Ludwig had an immediate advantage over the studios: He knew all the parties involved, as well as the project’s convoluted history. In September, 1987, Imagine officially acquired the Doors Project. Imagine chairmen Brian Grazer and Ron Howard then began talking with prospective directors–including Oliver Stone. Recalled Stone: “But they passed me up. I think it was because I liked a draft of the screenplay that the Doors hated.”
As coincidence would have it, Stone eventually made his way to another project involving Morrison–and Danny Sugerman. Based on the autobiographicalWonderland Avenue: Tales of Glamour and Excess (William Morrow, 1988), it’s about a young man’s coming-of-age in the rock world, and the rock star he idolizes.
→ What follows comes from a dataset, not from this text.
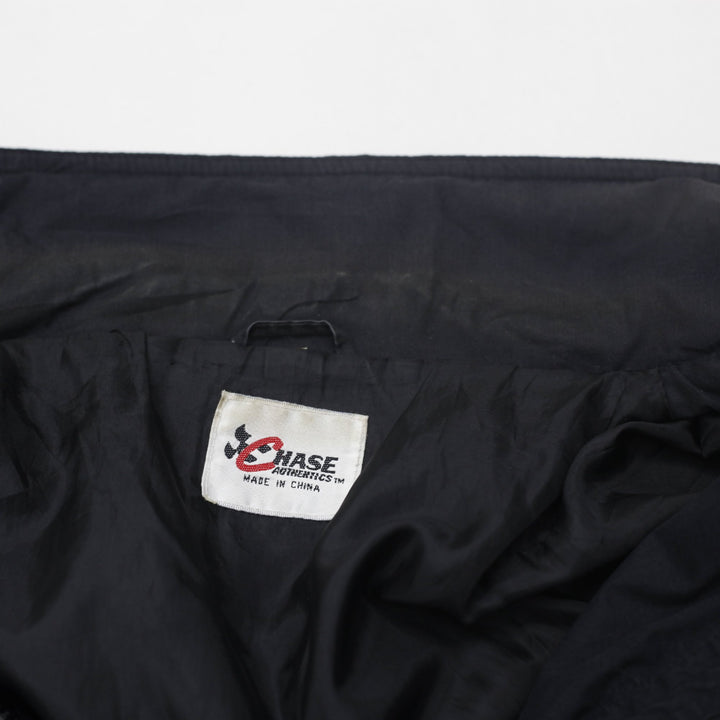 Vintage Chase Authentics NASCAR Racing Zipper Button Lightweight Jacket L | Migration_Jackets - View 9 | Fashion Rerun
Meanwhile, over at Imagine, development costs of the original Morrison movie had exceeded $2 million. So Imagine struck up a production deal with Carolco Pictures, which became the financing entity. A few months later, Carolco signed Stone to a production deal, which is how Stone finally connected with the Morrison movie.
Stone thinks he may have looked at as many as 200 would-be Morrisons before opting for Val Kilmer.
Over the years, the candidates have included the aforementioned Travolta, Gregory Harrison, Michael Ontkean, Timothy Hutton, Steven Bauer, Christopher Lambert and, in the latest casting go-round, Michael Hutchence, of the rock group INXS, and Jason Patric, who was a dead-on Morrison look-alike in “The Lost Boys.”
(At one point, Kevin Costner’s agent even got a call. Morrison’s mother had seen him in a movie on TV and thought he bore an incredible resemblance to her son.)
As for Wonderland Avenue: a script is currently being written, following Sugerman’s first-draft. Stone, who will produce, sees it as a coming-of-age piece in which (a yet-to-be cast) Morrison will be a supporting character.
Stone is currently at work on the Morrison/Doors script, working from three separate screenplay drafts penned by Randy Johnson (“Dudes”), Ralph Thomas (“Ticket to Heaven”) and Bob Dolman (“Willow”) and stacks of transcripts. Budgeted at approximately $20 million, the film’s cast includes Meg Ryan as Pam, Kyle MacLachlan as Manzarek, Kevin Dillon as Densmore, Frank Whalley as Krieger, Billy Idol as Morrison buddy Tom Baker, Joshua Evans as the Doors’ manager and Kathleen Quinlan as one of Morrison’s love interests.
Star Val Kilmer–who’s a baritone, like Morrison–is working with former Doors producer Paul Rothchild, “laying down tracks.” Kilmer did his own singing when he played a rock ‘n’ roller in the 1984 comedy “Top Secret!” Time will tell, said Stone, whether he’ll again do his own singing. Until the movie comes out, there’s no way of knowing if Kilmer will be able to evoke the sensual presence that was a Morrison trademark. To be on the safe side, he’s getting instruction in dance and body language from dancer/choreographer/singer Paula Abdul.
Stone is trying to keep a balance–between man and myth, ’60s freedom and ’90s caution. (Stone acknowledged that he has already toned down some extremely lurid sex scenes involving Morrison and groupies.) “This won’t be easy. After all, we’re sailing in the wind of the Just Say No era, which is pretty simplistic. And there’s the matter of Jim. Everybody will disagree on what he was.”
Whatever he was, Morrison may have had an inkling of what was to come when he wrote: “Did you have a good world when you died? Enough to base a movie on?”